With George’s death, Mary made Limnerslease her permanent home. She managed the pottery and continued to run the gallery she had built to house George’s work. She wrote The Annals - the biography she published on the life and thoughts of her dear husband. She championed women’s suffrage, becoming President of the Godalming branch of the National Union of Women’s Suffrage Societies. And she continued, always, to make.
She watched the chapel settle into its landscape. ‘It is growing every day less red,’ she wrote, ‘and the green enfolds it all so beautifully now, the trees are in leaf. A sweet resting place.’
Mary Watts died at Limnerslease in 1938. She and George are buried together in the cemetery, a few yards from the chapel she built with the people of Compton. Some of the craftspeople who helped make that chapel are buried there too, their graves marked with terracotta headstones made by the Guild, and around sixty of the stones still stand in the cemetery today.
The place I walked into in the 1980s, half forgotten and gently falling apart, is not the place you will find today. Watts Gallery and Artists’ Village has been restored, reimagined, and brought back to life. But what strikes me most is not the restoration, it is that Mary’s legacy has not only been preserved, it is still very much alive.
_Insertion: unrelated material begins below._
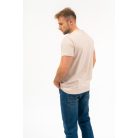 Budmil férfi Póló-Póló - B20300447-002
Today, Watts Gallery and Artist’s Village is still a place of making and handicraft. There are pottery workshops and clay courses. There are family days where children put their hands in the same local clay that Mary and the villagers did over a century ago. There is an artist-in-residence programme. There is a community learning programme they call ‘Art for All’ - the very phrase both Mary and George lived by. Mary Watts did not just build a beautiful memorial chapel, she built a community of craftsmen.
If there is a place that embodies everything Care & Craft is about and everything I personally believe in, it is Watts Memorial Chapel - a story of clay and community.
Care & Craft ‘Why we all need something real in a world dominated by digital.’
Watts Gallery — Artists’ Village is in Compton, near Guildford, Surrey, England. The gallery is open Wednesday to Sunday. Watts Cemetery Chapel is open daily and free to visit.